Building on all of this, the Centrist Party can cobble together a consensus around a policy that advocates for the following: 1) Safe and legal access to abortion (and widespread availability of products caught up in the abortion debate, such as the “morning-after pill”). 2) A concerted effort to reduce the number of abortions, including greater access to contraceptives, comprehensive sex education, and a better social safety net for poor women. (One of the most common stated reasons for getting an abortion is a financial inability to have and raise the child.) 3) Placement of some limits on abortion services, provided that they are not designed exclusively to curtail access to abortion or to humiliate women. If, for example, evidence suggests that a significant number of women choose not to have an abortion when some mandatory waiting period is put in place — a genuine change of heart — then it would be perfectly reasonable to mandate such a waiting period. This is consistent with the goal of providing safe access to abortion while also minimizing the number of abortions. However, if evidence suggests that the effect of a waiting period is merely to erect a barrier to a legal medical procedure, particularly for low-income women, then there is no place for it.

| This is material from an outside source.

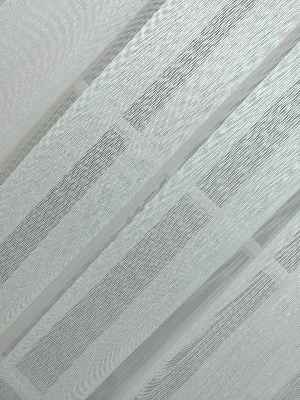 Ekru Sık Dokulu Çizgili Modern Düz Tül Perde - Ütü İstemez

This kind of non-absolutist policy is consistent with what most Americans say they want. Most important, this is a policy around which a wide swath of moderate voters can rally, particularly the growing number of young voters who describe themselves as “fiscally conservative and socially liberal.” We can get beyond the trench warfare of abortion politics, for a number of reasons. First, the Centrist policy outlined here is largely consistent with the status quo. Centrist candidates would not be crusading to make radical changes on this issue; they can spend their time and effort focusing on the many important American challenges beyond abortion.

Second, the Centrist Party will acknowledge the legitimacy of the pro-life viewpoint and seek to deliver what those Americans ostensibly care most about: fewer abortions. To do that, we will have to get past many of the most counterproductive policies of the pro-life movement. We should not pretend that abstinence education is sufficient to prevent unwanted pregnancies among teens. Both common sense and extensive research suggest that abstinence education alone does not work.

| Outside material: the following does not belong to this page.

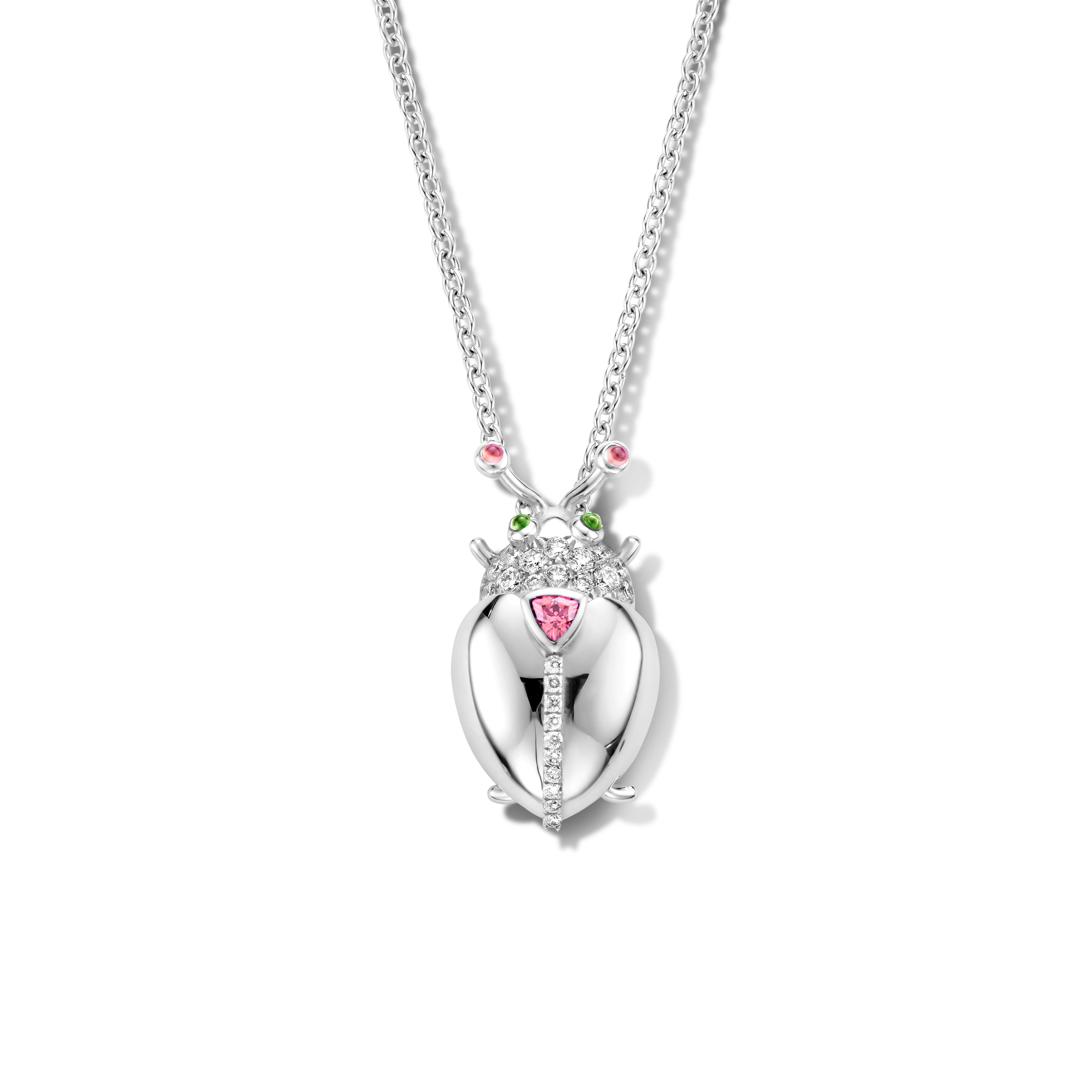 Turmalin, Tsavorit, Saphir 18K Weißgold Diamant-Anhänger Halskette (Zeitgenössisch) im Angebot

We should not cut off government funding for women’s health centers that provide abortion services. These clinics typically provide other important health services, including ones that are crucial to preventing unwanted pregnancies, such as access to contraceptives. Meanwhile, we should provide access to contraception and sex education in the United States and around the world. (Most abortions take place in the developing world.)

Finally, the Centrist position on abortion is pragmatic. Social conservatives are fighting a symbolic but losing battle. Abortion is never going to be illegal in most of America; focusing on that objective is a fool’s errand. Let’s think about what it would take to outlaw abortion. The first step would be overturning the Roe v. Wade decision. A conservative president might appoint a Supreme Court justice willing to do that, and the new justice might find four other votes. However, one of the important pillars of constitutional law is respect for precedent, which makes overturning Roe less likely with each passing year.

Still, it could happen. Overturning Roe would not make abortion illegal, however; it would merely open the door for the states to do so. (Even before the Roe v. Wade decision, there was no federal ban on abortion, and it is profoundly unlikely that Congress would ever pass such a ban.) In a post-Roe world, abortion would still be legal in many states. Abortions would also be performed illegally (and often unsafely) in states that criminalized the procedure. All of which brings us to the most salient fact underlying the Centrist position on this issue: the abortion rate is shockingly invariant to whether abortion is legal or not. According to a study in the British medical journal Lancet, countries with restrictive abortion laws do not have lower rates of abortion. Western Europe, where abortion is legal and widely available, has an abortion rate that is 43 percent lower than the rate in the United States.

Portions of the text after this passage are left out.